3 Tips for Lifting Pain Free
- Lift Mindfully
- The power of breathe and emphasizing of core awareness
- Hip hinge
1. Lift Mindfully
Get as close as you can to the object (kid) you are lifting.The further away you hold the baby out of the crib/laundry/car seat etc. the greater the force is placed on your lumbar spine which may lead to compromised position and inefficient lifting.
- Remove the tray from the high chair before lifting your child up and out of the chair.
- Try to have your child get as close to the side of the crib as possible before lifting them out, if possible adjust the height of the crib or use a step to eliminate the awkward over extending reach into the crib. Your back will thank you later.
When you’re picking up your child (from the ground, car seat, bassinet) be sure to get down on their level before picking them up. Bend those knees and maintain a neutral (straight) spine. Maintaining a neutral spine rather than rounding or hunching over when lifting any object of any size promotes safe spine position with body mechanics.
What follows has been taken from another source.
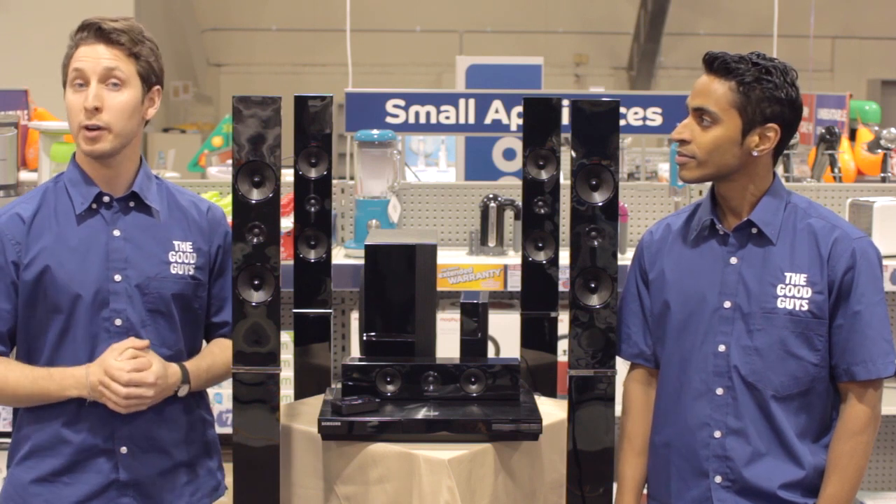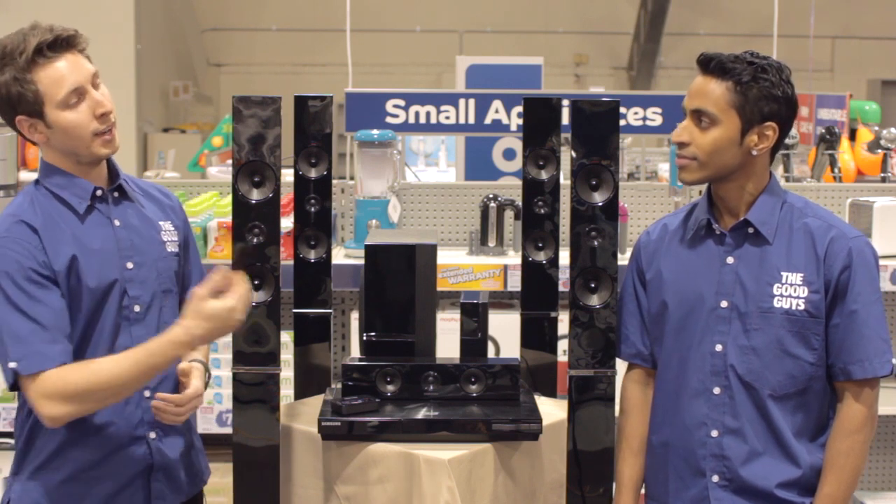Hi guys, welcome to the Good Guys product review. You're here with JP and Az. Today I'll be talking about this fantastic home theater system from Samsung.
The Power of Breathe and Emphasizing of Core Awareness
Throughout our days we are on the move from cooking, playing with the kids, housework, yardwork, computer work and we do a lot of things on autopilot without much thought to it. Especially with lifting we want to use our breathing to optimize our capacity to lift. Our breath, when done correctly can also promote core muscle function and awareness which can promote safe lifting and reduce symptoms of low back pain. Below is our ‘Lifting 101 Checklist’ and video on bodyweight squats with core and pelvic floor awareness you can go through to bring more awareness to your core and breathing while you lift.
LIFTING 101 Checklist
- Get up close and personal with the object.
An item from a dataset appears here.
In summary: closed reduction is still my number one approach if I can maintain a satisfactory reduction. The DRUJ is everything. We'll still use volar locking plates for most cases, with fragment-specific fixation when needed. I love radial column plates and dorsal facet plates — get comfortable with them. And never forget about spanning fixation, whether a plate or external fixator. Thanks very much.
- Take an inhale, let out a tiny bit of air off the inhale.
- Brace core (TA brace) Match your breath with the task or exercise
- Maintain a neutral spine, hip hinge down to object
- Upon return to standing, exhale and bring more awareness to contracting the transverse abdominis (TA) and pelvic floor muscles (PFM) for increased core stabilization on ascent. Maintain the object close to the body with lift.
Bodyweight Squat with Pelvic Floor & Core Awareness
Again, a neutral spine is important and the hip hinge movement promotes using your hips for the movement rather than bending from your lumbar spine and promotes strong and safe lifting. An example of this to try is a Dowel Hip Hinge to learn the movement pattern. I would recommend 2 sets of 15 repetitions, emphasizing maintaining your neutral spine position and engaging your deep core muscles throughout. I recommend starting with bodyweight first to see how your body responds before adding weights.
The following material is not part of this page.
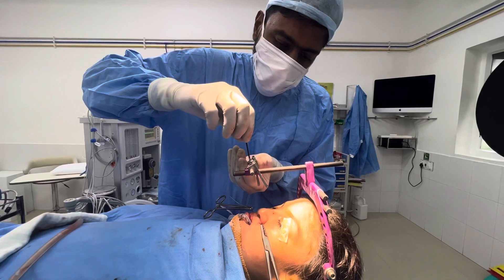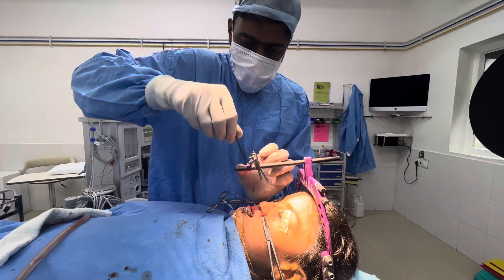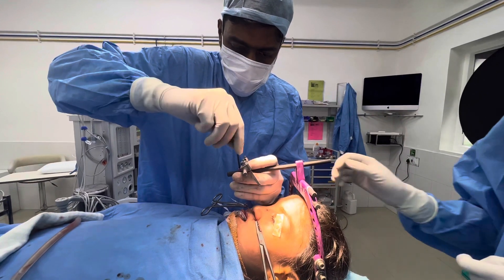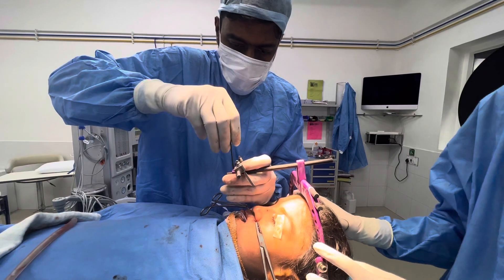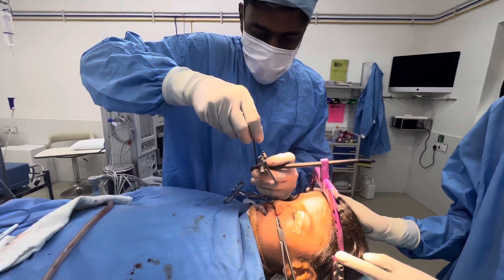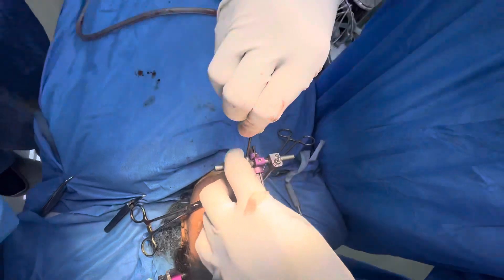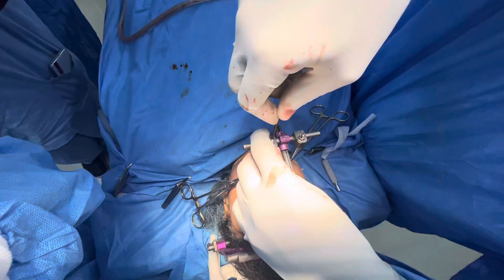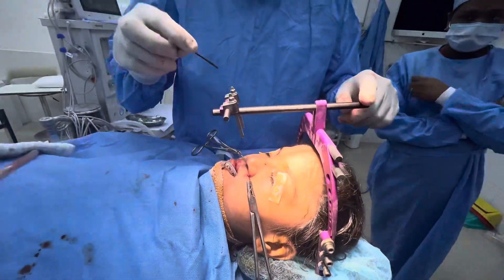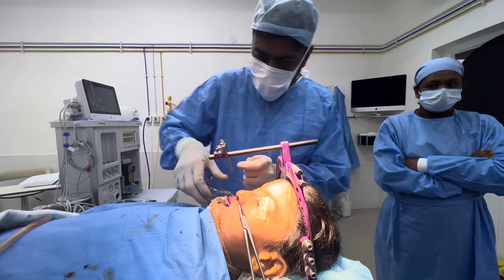Now we are going to change the angle of this a little bit. Each part of the apparatus here can be adjusted, so I'm going to move this a little bit down. This is the central rod, and these are the distraction devices. There's a small slot here.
BONUS: Hold Off the Hip Pop
Another helpful tip when it comes to carrying and holding your kids is to hold off the hip pop when you’re holding your child. By avoiding popping your hip out to the side as well as leaning your trunk backwards you are setting yourself up for success and promoting back health. Both of those postures are commonly seen in postpartum mothers. If you do find yourself holding your child on your hip, alternate to vary the load to your hips and low back. We also recommend encouraging your child when they are old enough to actively hold onto you rather than hanging on your body. This will encourage functional strength for your child and ease the load on you. Remember, you shouldn’t feel like you need to avoid holding your little ones or only tolerate holding them for a few minutes. With these tips you can feel strong, capable and confident to hold your child longer without the low back ache afterwards.
Practice. Practice. Practice. It may seem silly or redundant to practice these movements but the core muscle motor plan and muscle recruitment you are teaching your brain to do with these movements will allow for easier carryover to heavier objects. Your baby is going to grow like a weed and we want you to be prepared and feeling confident and strong to carry on in parenthood pain free.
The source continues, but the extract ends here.